▶ _Problem statement_
Beginning with the line that holds "Linen Napkin Set" and finishing with the line that holds "Christmas penguin decoration", repeat the listing exactly, leaving every picture out.
Start of Data for this task
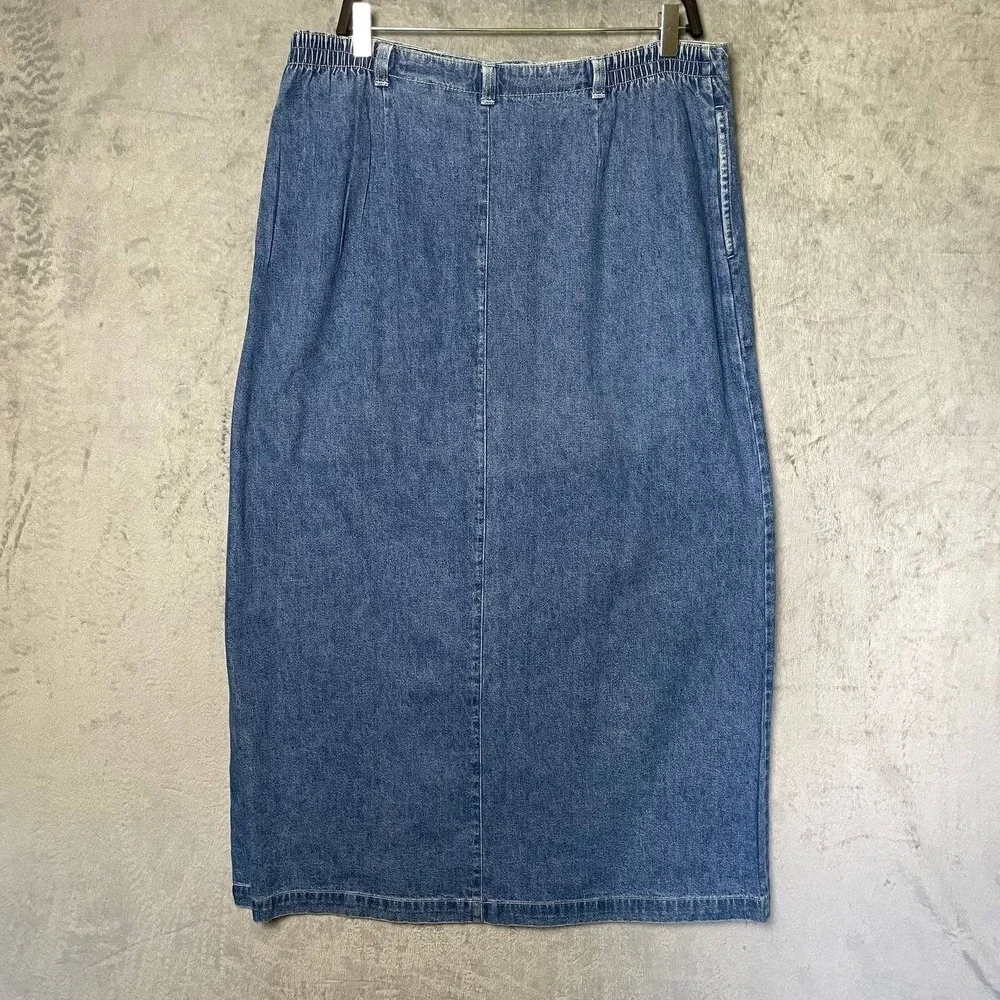 Denim Skirt 100% Cotton Size 16 Blue Button Front‎ Side Pockets A Line Long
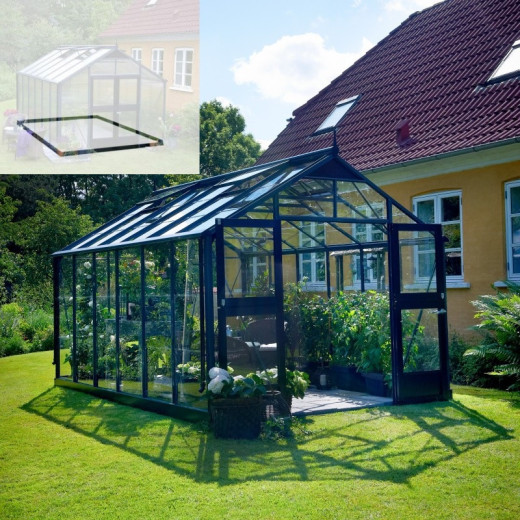 Pack de serre de jardin 13m² anthracite et verre trempé Premium + embase noir - Juliana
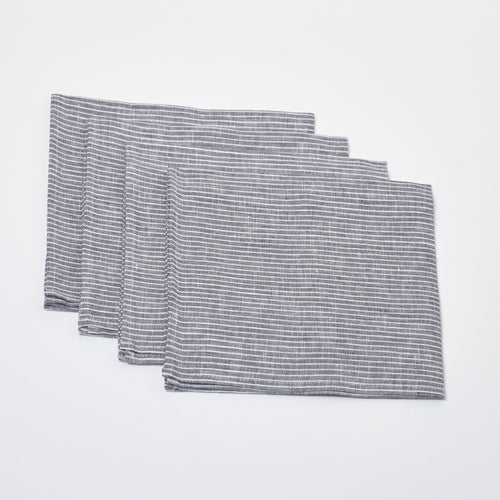 Linen Napkin Set of 4 | Grey Stripe_Fog Linen Work_201-60-2177-073GRYSTRIPEOS | Obakki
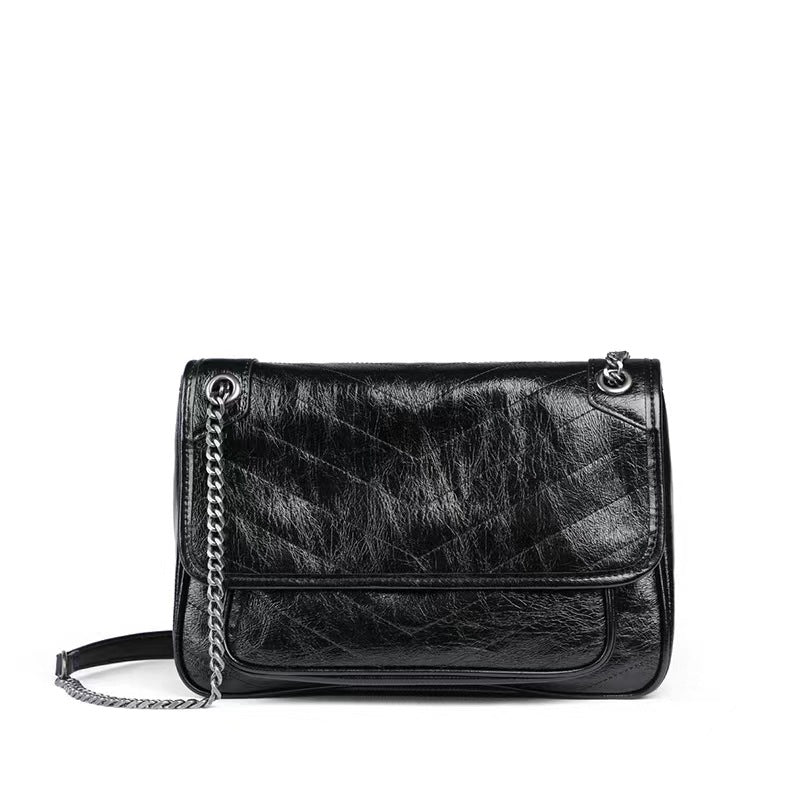 Women's Crack First Layer Cowhide Vintage Chain Shoulder Bags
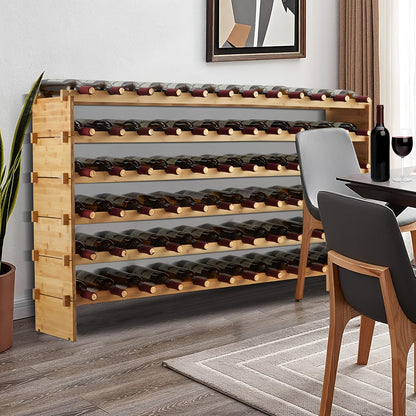 Wijnrek – Wijnopslag – Flessenrek – Wijnhouder – Wijnkast – 72 Flessen – Stapelbaar Modular – Bamboe Hout – Ruimtebesparend Design
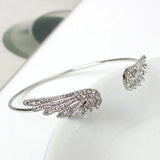Fashion Rhinestone Wings Open Bangle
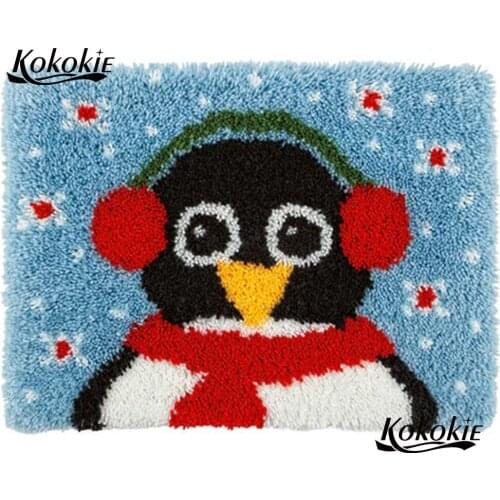 Christmas penguin decoration diy tapijt latch hook rug canvas printing vloerklee foamiran for needlework carpet embroidery kit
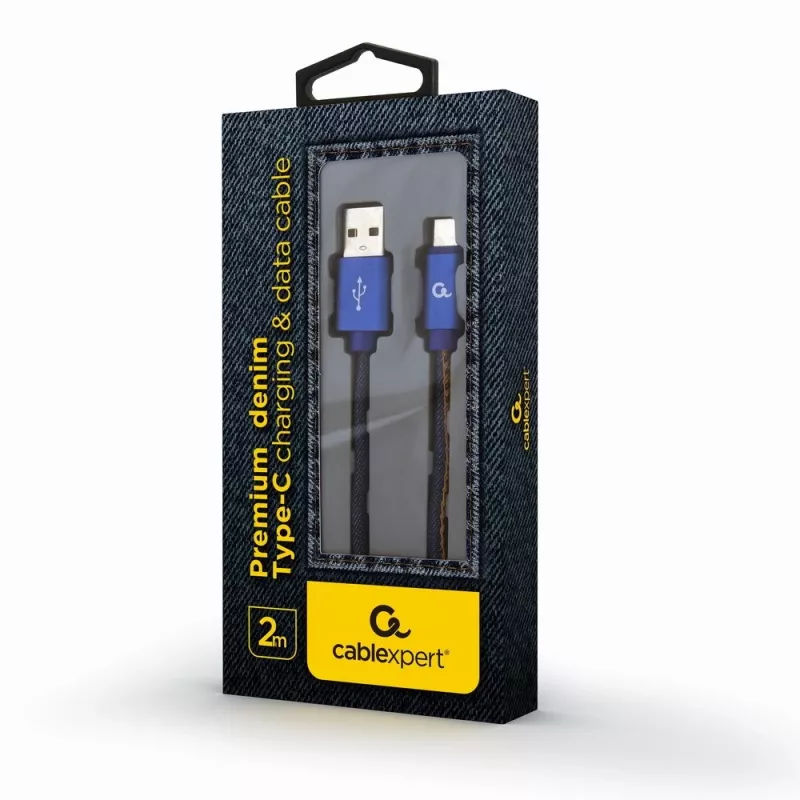 Kabel USB 2.0 GEMBIRD USB A na USB C 2 m, 0,48 Gbit/s, 2,1 A, niebieski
End of Data for this task
▶ _Exercise output_
 Linen Napkin Set of 4 | Grey Stripe_Fog Linen Work_201-60-2177-073GRYSTRIPEOS | Obakki
 Women's Crack First Layer Cowhide Vintage Chain Shoulder Bags
 Wijnrek – Wijnopslag – Flessenrek – Wijnhouder – Wijnkast – 72 Flessen – Stapelbaar Modular – Bamboe Hout – Ruimtebesparend Design
Fashion Rhinestone Wings Open Bangle
 Christmas penguin decoration diy tapijt latch hook rug canvas printing vloerklee foamiran for needlework carpet embroidery kit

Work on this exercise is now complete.